MATERIAL FOR THE TASK START

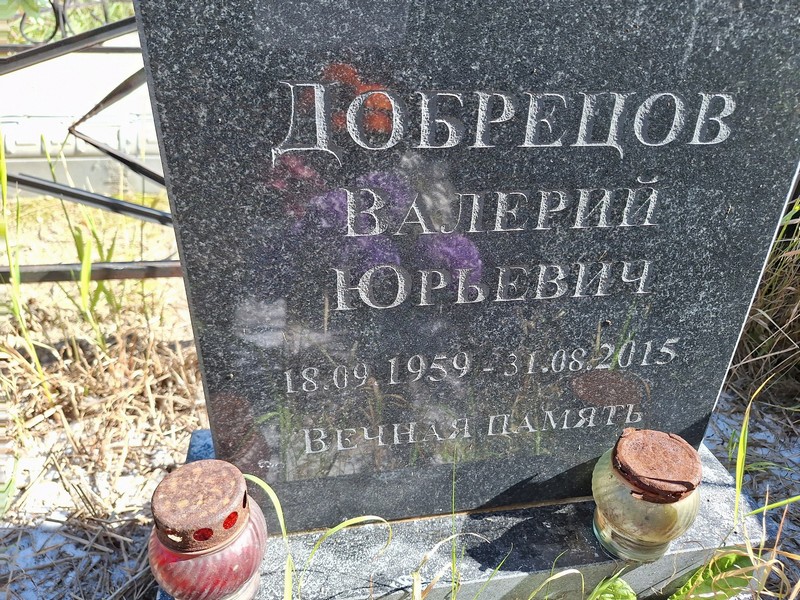 Добрецов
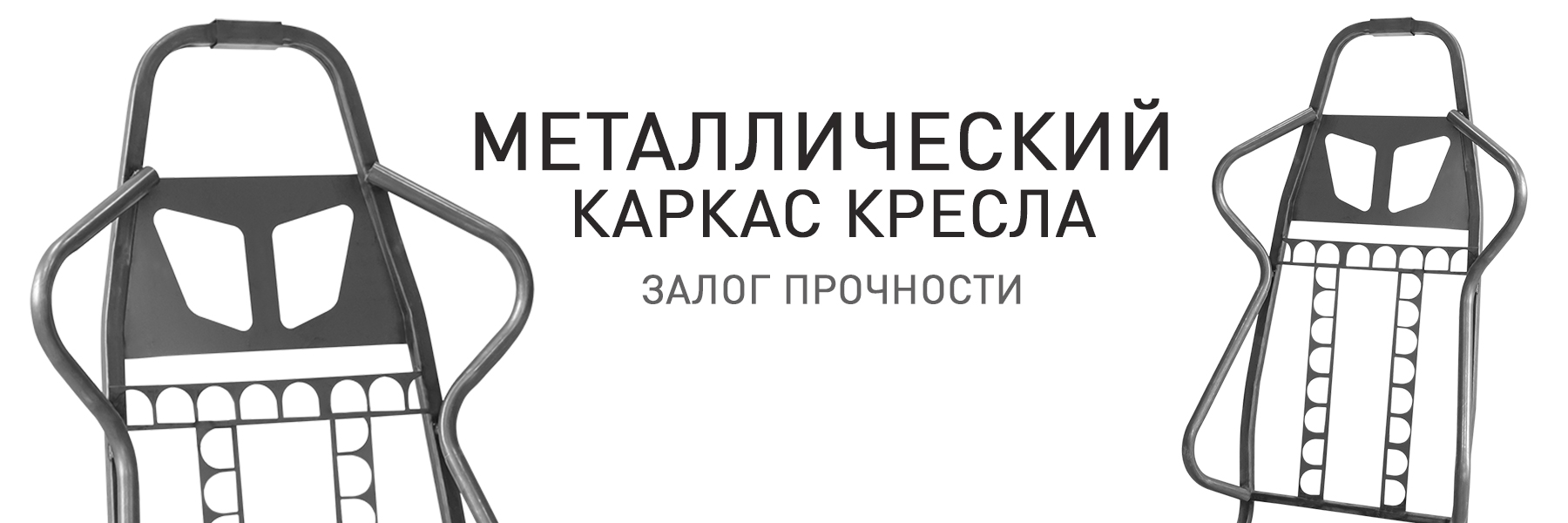 Металлический-каркас1.jpg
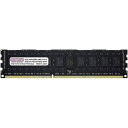 CENTURY MICRO DIMM PC3L-14900 DDR3 1866Mhz 240pin 2rank 8GB(8GBx1) 1.35V(CB8G-D3LRE186682) 取り寄せ商品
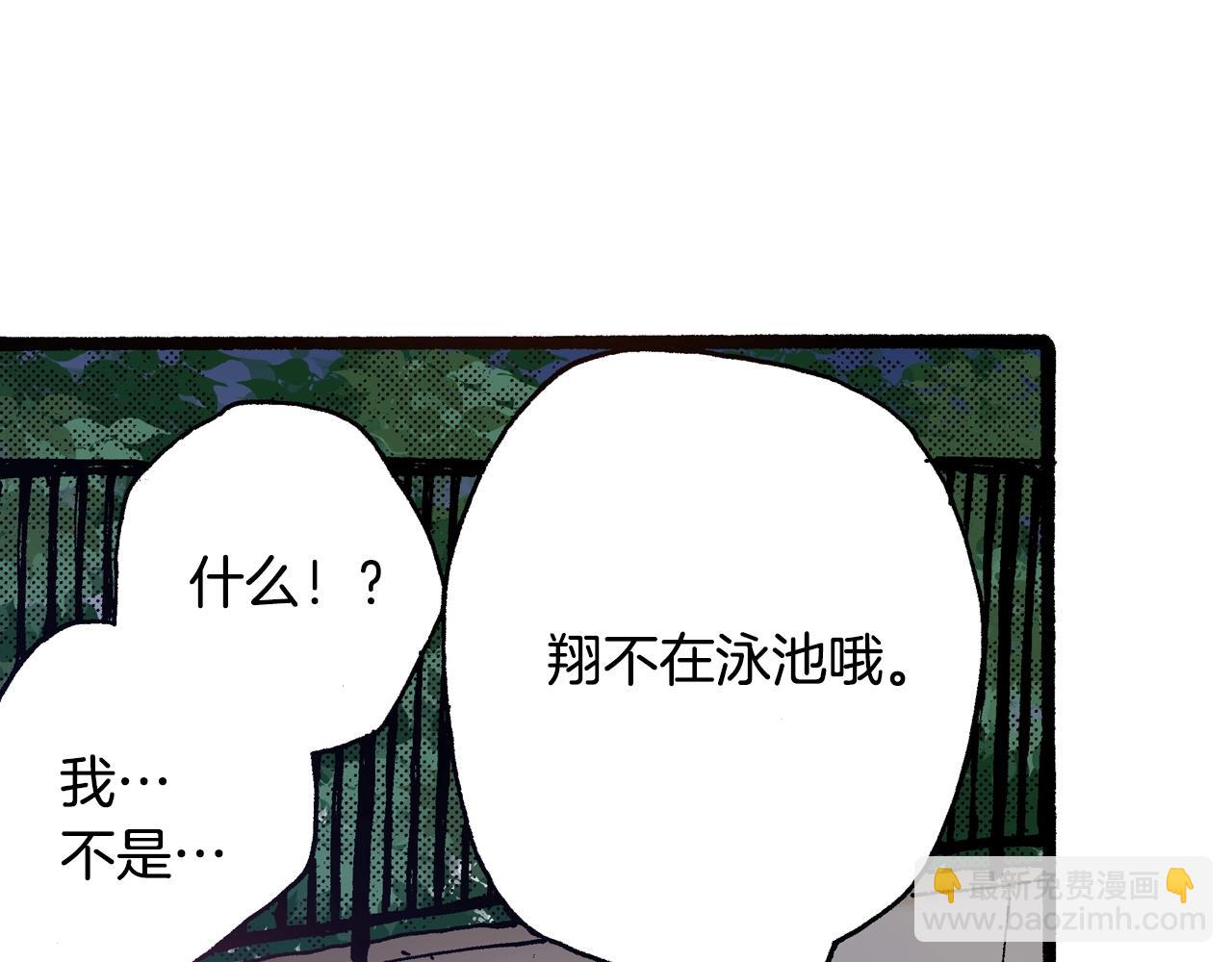第19话 夏日青空93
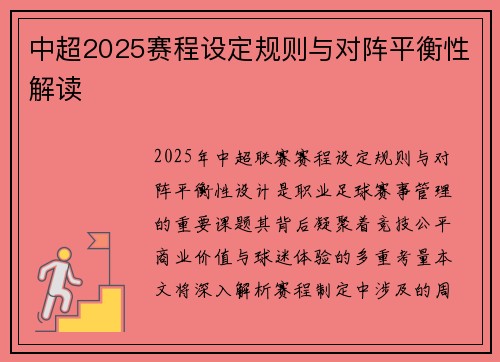 中超2025赛程设定规则与对阵平衡性解读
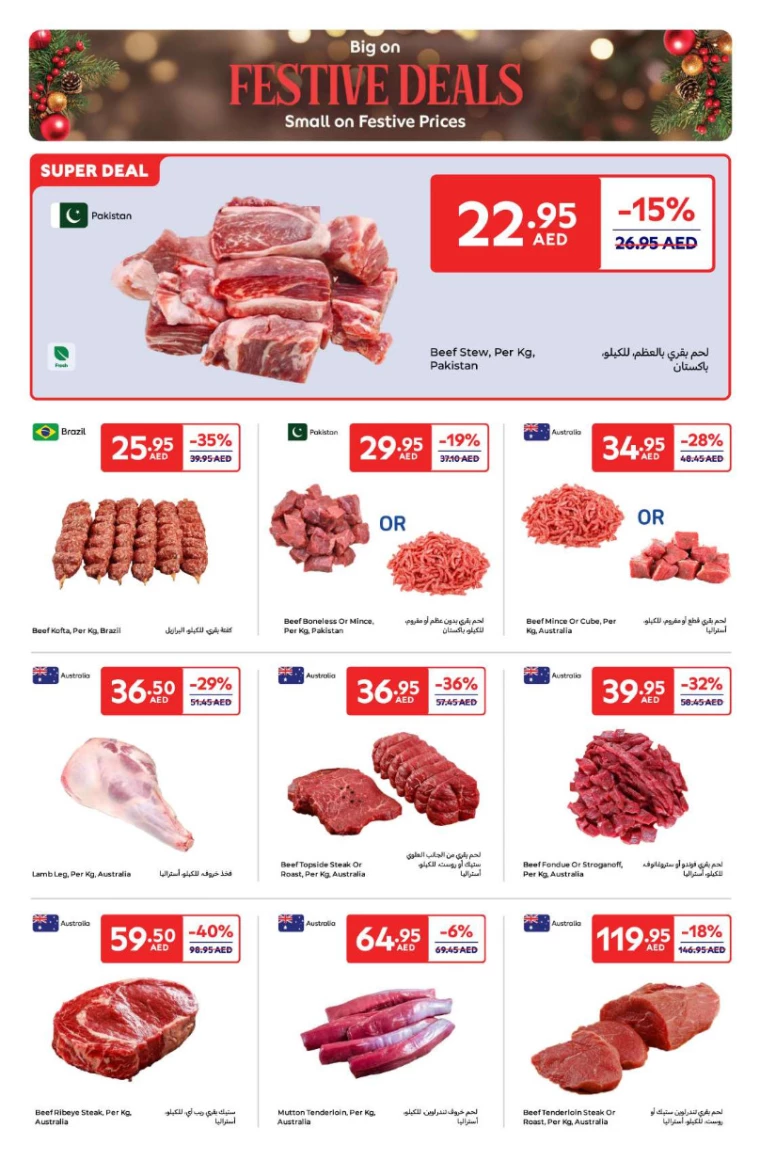 Carrefour-Offers-All-Branches-December-23-2024-3
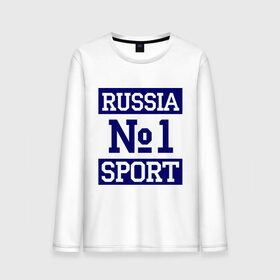 Мужской лонгслив хлопок с принтом Russia №1 в городе Новоалтайск, 100% хлопок |  | russia | russia sport | sport club | sport forever | sport men | sportsman | клуб | номер один | русский спорт | спорт | спорт навсегда | спортивный клуб | спортсмен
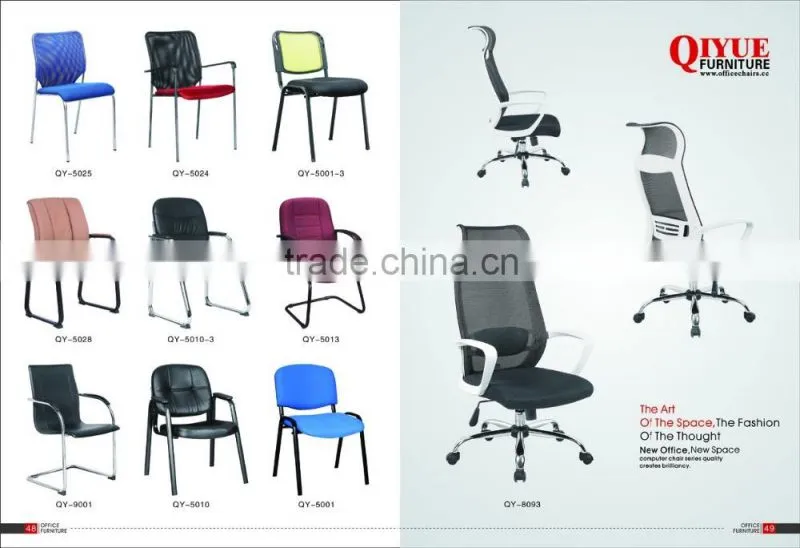Zhejiang High Quality Conference fabric visitor meeting chair QY-5001
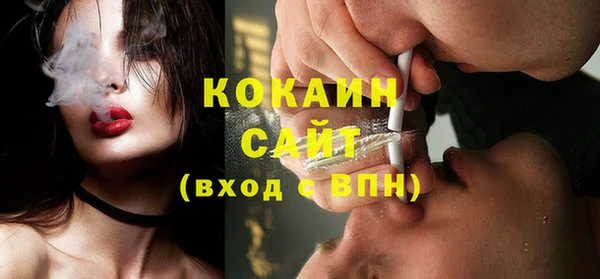 меф VHQ Вязники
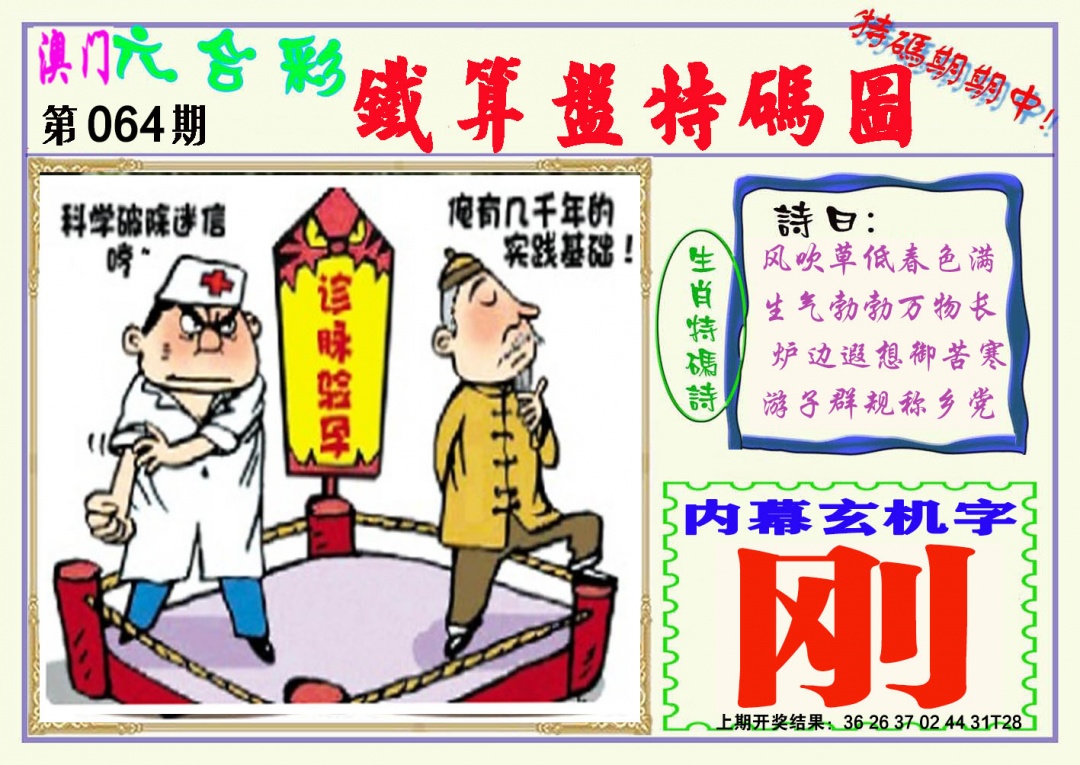 064期铁算盘特码图[图]
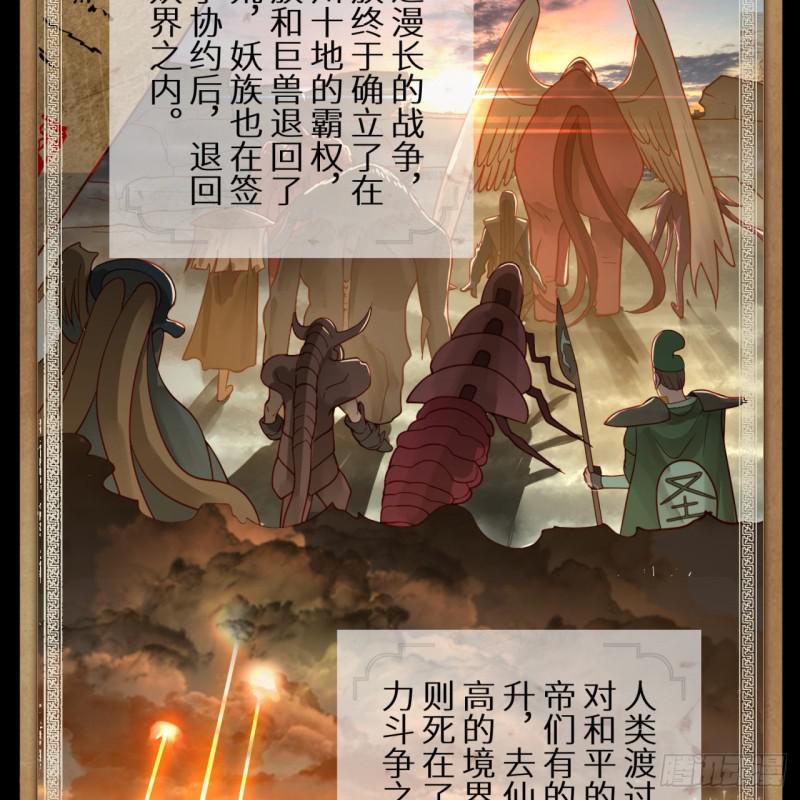 89回 天妒之体36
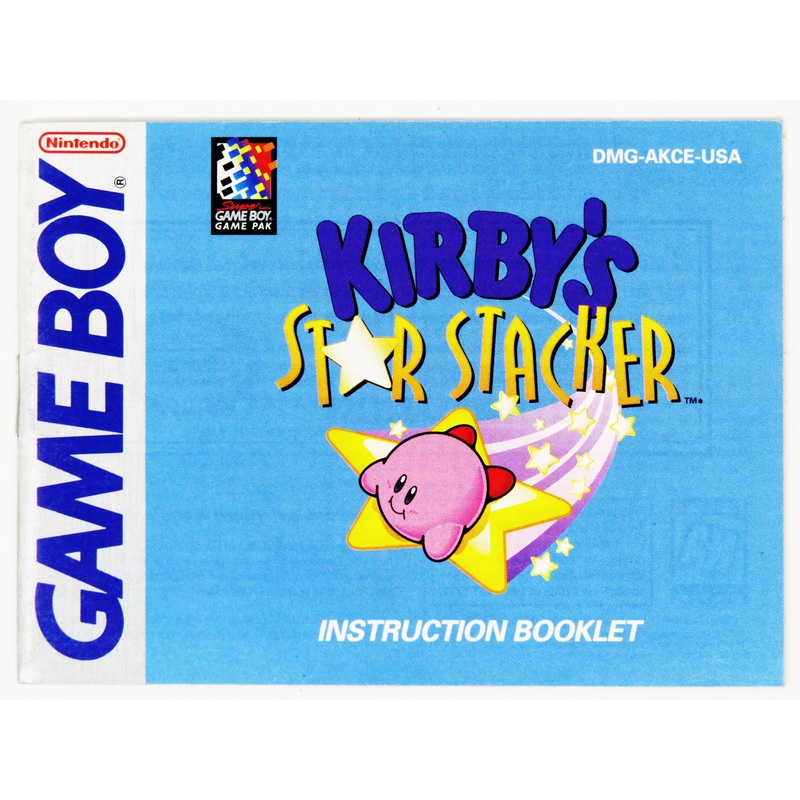 Kirby’s Star Stacker (Game Boy)
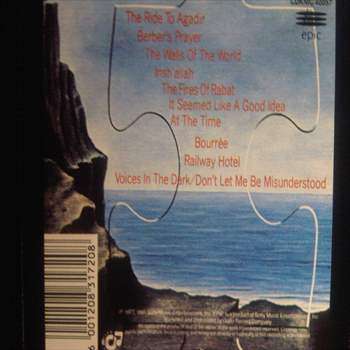 Mike Batt : With the London Symphony Orchestra : Schizophia : CD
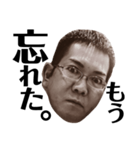 黒島のおっさん。(第二弾)（個別スタンプ：38）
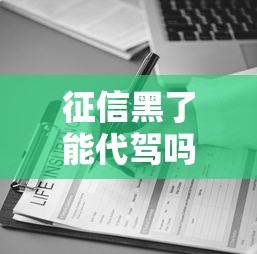 征信黑了能代駕嗎，闡述5家2025最新貸款利率低的平臺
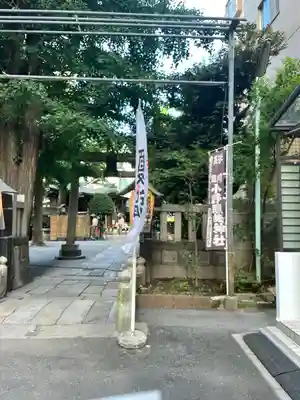 小野照崎神社の鳥居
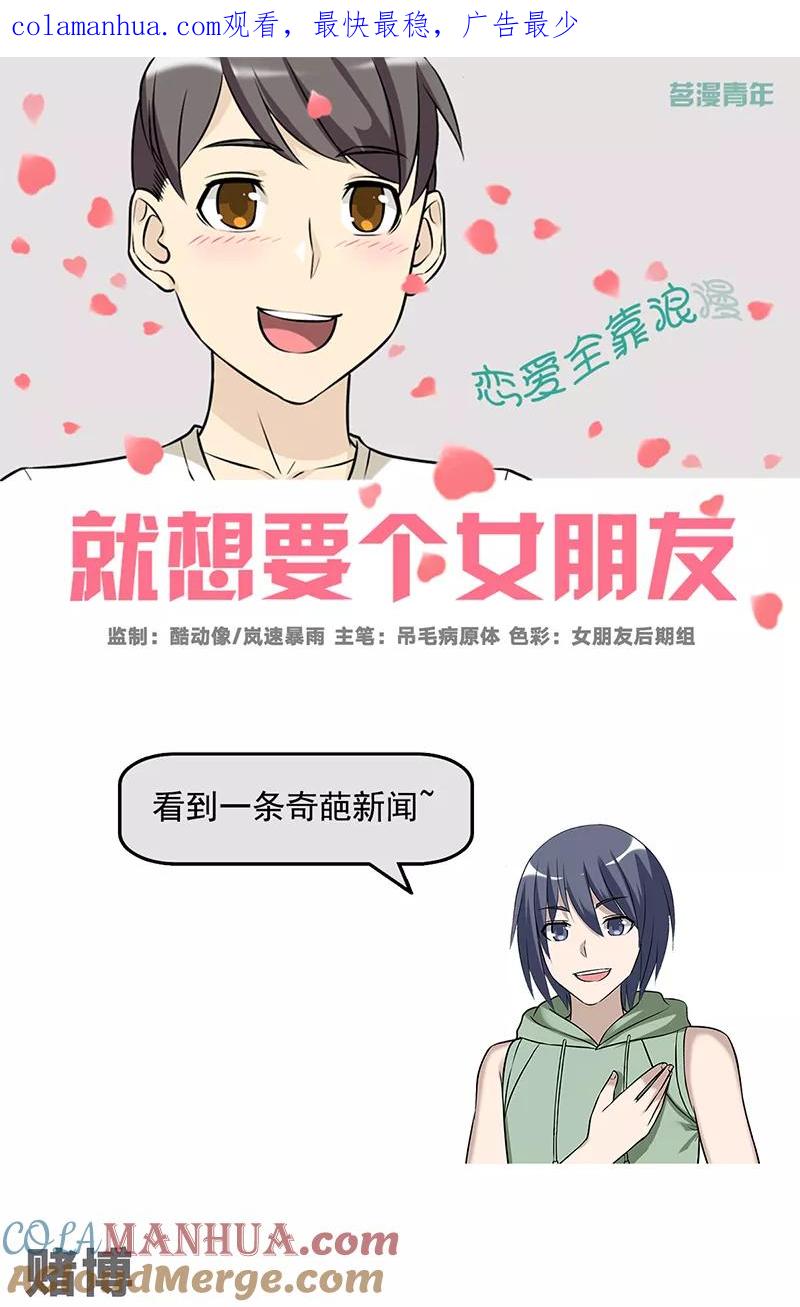 第516话赌博-就想要个女朋友-酷动像（第1张）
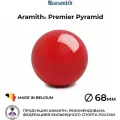 Шар бильярдный Aramith Premier Pyramid 68 мм красный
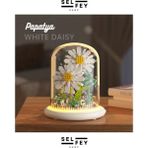 Selfey Legomodel Fanuslu Papatya Çiçeği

MATERIAL FOR THE TASK END

TASK DETAILS ::
Begin at the line in the entries above that has "CENTURY MICRO DIMM", stop after the line that has "Мужской лонгслив хлопок", and output exactly those lines without pictures.

ANSWER BOX ::
 CENTURY MICRO DIMM PC3L-14900 DDR3 1866Mhz 240pin 2rank 8GB(8GBx1) 1.35V(CB8G-D3LRE186682) 取り寄せ商品
第19话 夏日青空93
 中超2025赛程设定规则与对阵平衡性解读
 Carrefour-Offers-All-Branches-December-23-2024-3
 Мужской лонгслив хлопок с принтом Russia №1 в городе Новоалтайск, 100% хлопок |  | russia | russia sport | sport club | sport forever | sport men | sportsman | клуб | номер один | русский спорт | спорт | спорт навсегда | спортивный клуб | спортсмен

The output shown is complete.